Man Bludgeoned His 77-Year-Old Grandmother To Death, Burned Her Body
“Anthony Sena almost got away with this murder,” a detective says of Susan Hernandez’s death.
An elderly woman in Colorado was found brutally murdered, and the identity of her killer hit close to home for loved ones.
On the morning of July 29, 2015, Katrina Livecchi phoned her 77-year-old mother, Susan Hernandez, multiple times but she never answered.
“I had a horrible gut feeling going through my stomach,” Livecchi recalled, according to True Crime Daily. “I closed up my house and drove down to Pueblo.”
After making the 45-minute trip, Livecchi discovered her mother’s front door ajar and smoke pouring from the basement.
After calling 911, Katrina went into the house’s basement, where she found her mother’s body on fire.
The victim “had a large hole to the back of her head,” Pueblo Police Detective Raymond Purvis said. “She had been struck multiple times and we knew that because of the cast off and the blood splatter at the scene.
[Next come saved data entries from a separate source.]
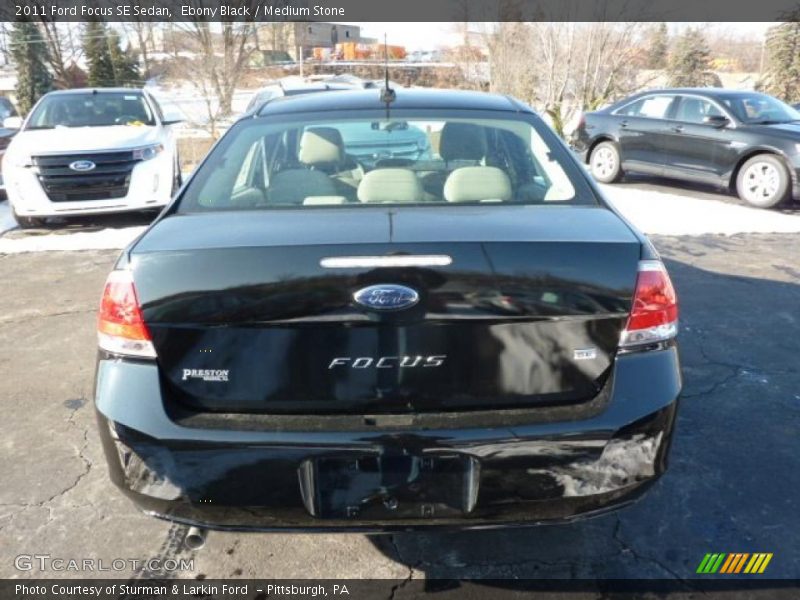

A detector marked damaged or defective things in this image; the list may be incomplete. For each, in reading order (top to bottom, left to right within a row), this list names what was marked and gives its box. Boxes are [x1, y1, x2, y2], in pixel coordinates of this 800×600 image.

cracked pavement [0, 227, 796, 584]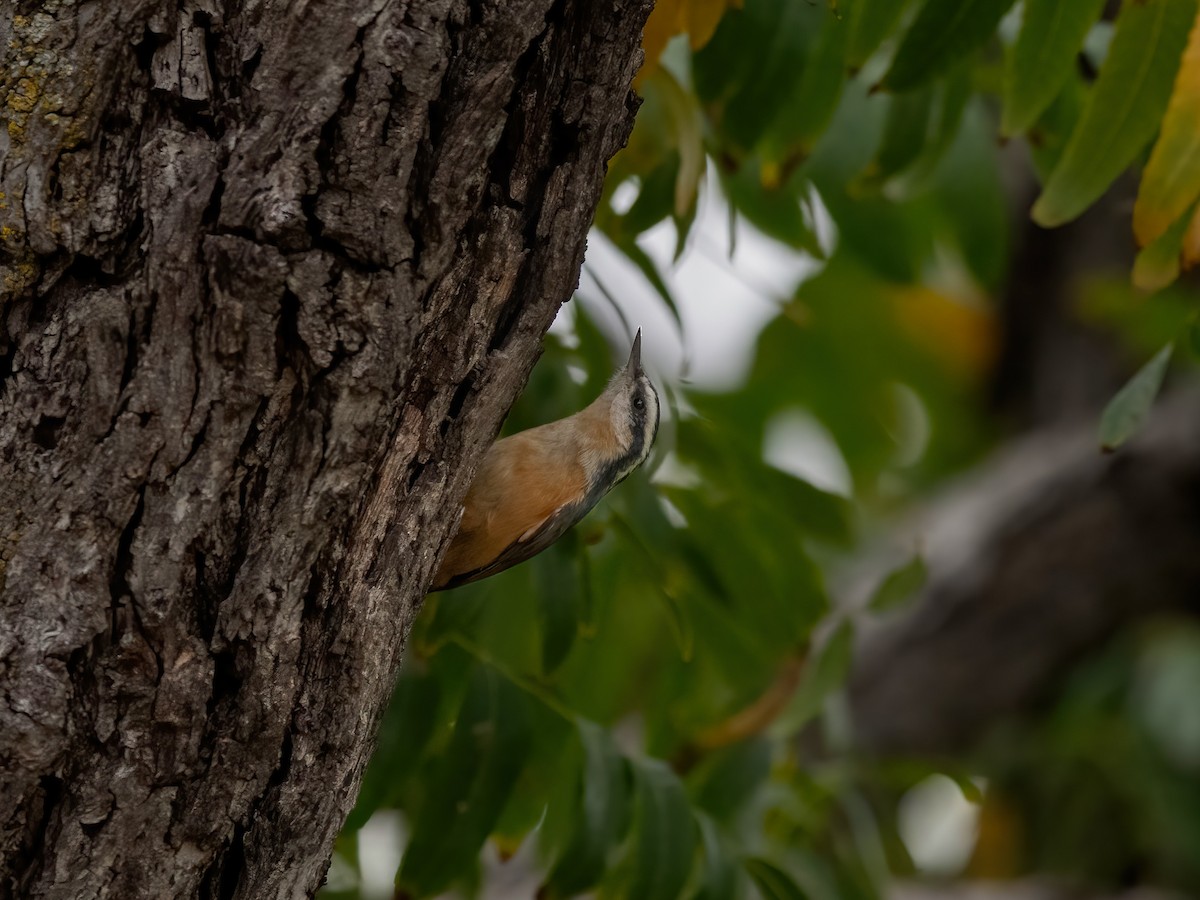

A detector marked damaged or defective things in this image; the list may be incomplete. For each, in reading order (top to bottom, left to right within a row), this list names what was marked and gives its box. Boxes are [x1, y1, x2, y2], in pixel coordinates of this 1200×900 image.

rusty-breasted nuthatch [428, 330, 656, 592]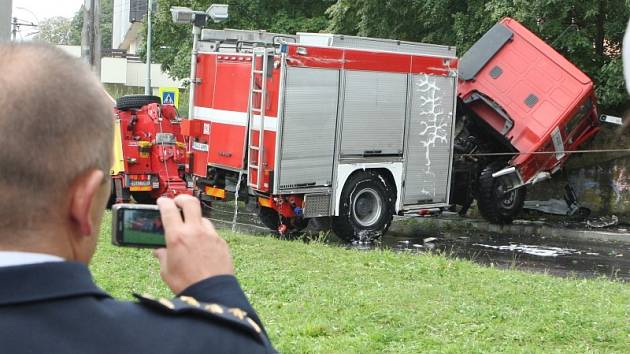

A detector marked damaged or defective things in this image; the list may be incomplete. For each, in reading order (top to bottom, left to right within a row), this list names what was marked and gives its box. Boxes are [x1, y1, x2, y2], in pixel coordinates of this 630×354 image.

overturned fire truck [181, 18, 604, 241]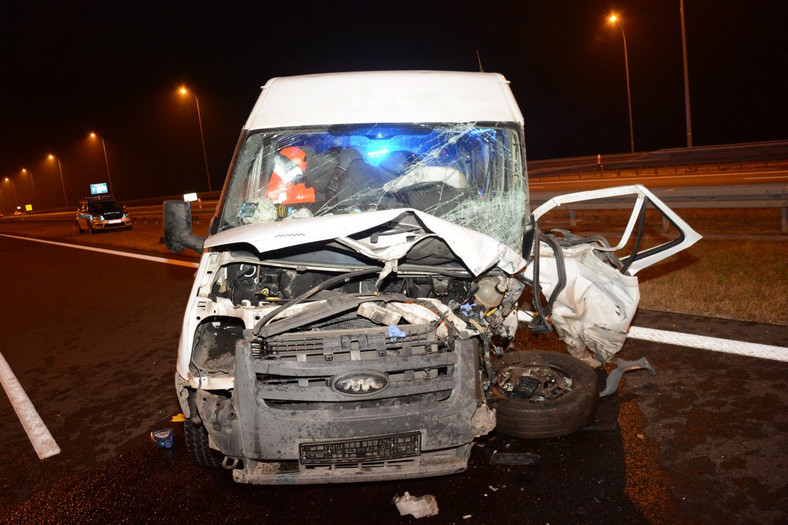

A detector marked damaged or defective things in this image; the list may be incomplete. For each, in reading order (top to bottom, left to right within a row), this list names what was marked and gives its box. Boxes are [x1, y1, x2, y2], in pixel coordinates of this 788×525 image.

shattered windshield [215, 125, 528, 252]
crumpled hood [203, 208, 528, 276]
severely damaged van [163, 70, 700, 484]
detached tire [490, 352, 600, 438]
detached tire [183, 418, 223, 466]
We definitely knew it was a homicide, there was no question about that.”
Police left no stone unturned looking for Susan Hernandez’s killer. Watch the investigation unfold on a new episode of The Murder Tapes Wednesday on ID at 9/8c.
During the course of the four-month investigation, detectives learned Hernandez paid her 29-year-old grandson, Anthony Sena, $7,500 to put a new roof on her house but he never completed the work. They also found out Hernandez had a cash box in her house that was missing.
According to authorities, Sena had a long criminal history that included everything from convictions for robbing an armored car to vandalism, but he denied he had anything to do with his grandmother’s death.
Shortly after Hernandez’s murder, however, Sena’s mother, Vanessa, approached police officers about her son and the exchange was recorded on body cameras.
“Oh God, I can't think it 'cause I'll end up dead like my mom,” she said. “I think it was all about money, he's psycho, he's f---ing psycho. I know, I know he killed my mom.”
Sena’s mother said she had no proof but knew in her heart her son committed the crime.
Police finally got their first big break in the case after they tested forensic evidence.
“The body had not been totally burned or consumed, so there was one hand that had some fingernails or fingers left to it, and when the pathologist had taken the samples from underneath the fingernails, we did send them off to CBI, which later came back as Y-STR DNA,” Det. Purvis said, noting the results confirmed the murderer was a member of the Sena family.
Pueblo police got another lead after Sena’s mother phoned the station to report she had found a hammer she thought was used to kill her mother.
“It was evident to us that Anthony was pretty much the lone person in the case,” Purvis said.
Detectives believed financial gain was Sena’s motive for murdering his grandmother.
“I think he did it with intent,” Purvis said. “I think he did it with deliberation and I think he committed cold-blooded first-degree murder.”
In 2016, Sena was convicted of murder, arson and theft, and he was sentenced to life in prison without parole, KKTV reported.
“Anthony Sena almost got away with this murder,” Purvis said. “If the hand had been burned, this case probably and could likely have gone unsolved.”